22 Oct 2021 / courts Print

English courts backlog to linger ‘for years’, with delays until 2025

The British government’s own modelling suggests that a backlog of court cases may not return to pre-pandemic levels until 2025 at the earliest, according to a report in the Law Society Gazette of England and Wales.

The Gazette describes a report on the issue from the country’s public-spending watchdog, the National Audit Office (NAO), as “highly critical”.

The office said that the Ministry of Justice (MoJ) and HM Courts & Tribunals Service (HMCTS) were “not yet working towards shared, strategic objectives for recovering in criminal courts”, and had a “poor understanding” of how the court recovery programme had affected vulnerable and ethnic-minority users.

Two scenarios

According to the report, the Ministry of Justice’s latest models indicate that the backlog could be between 17% and 27% higher than pre-pandemic levels by November 2024.

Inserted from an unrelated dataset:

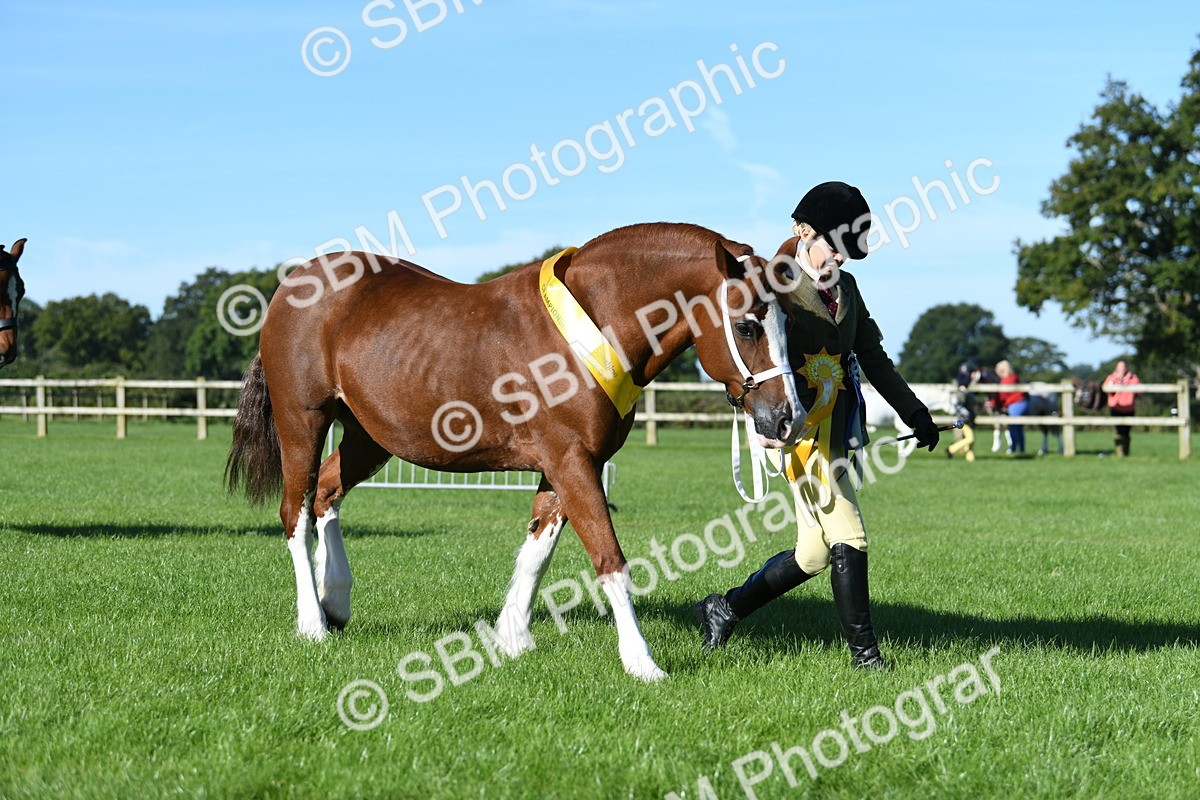 SBM_35630 - Top Turnout Supreme Championship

Ahead of negotiations on its budget, the MoJ set out ambitious and cautious scenarios that forecast a backlog of 48,000 and 52,000 cases respectively by November 2024.

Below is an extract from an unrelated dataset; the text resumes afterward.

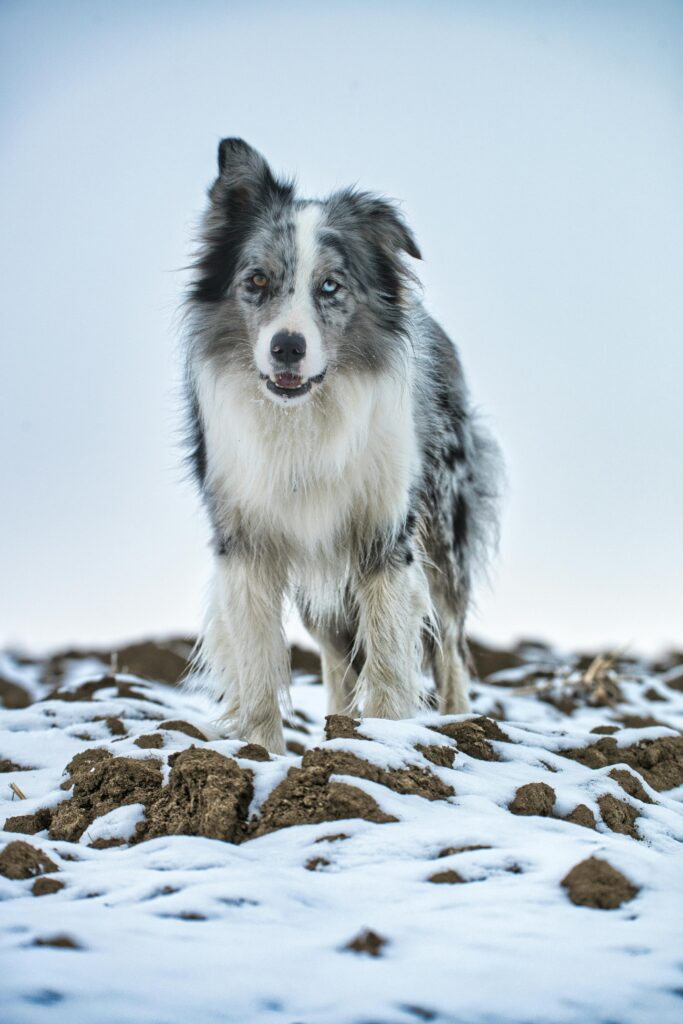 Beautiful Border Collie standing on a snow-covered field in winter.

”Both scenarios assume increasing the use of part-time judges to unprecedented levels,” the watchdog’s report says. “Since the two sets of projections are very similar, it is difficult for decision-makers to understand the reasonable range of potential outcomes from their funding and other strategic decisions.”

The ministry then developed a third scenario, which assumed maintaining the funding agreed in the 2020 spending review, and forecast a backlog of 72,000 cases by November 2024.

Cases could collapse

The Crown court backlog increased by 23% in the year leading up to the pandemic, rising from just over 33,000 on 31 March 2019 to just over 41,000 a year later. The backlog has increased a further 48% since the onset of the pandemic – to more than 60,500 cases on 30 June this year.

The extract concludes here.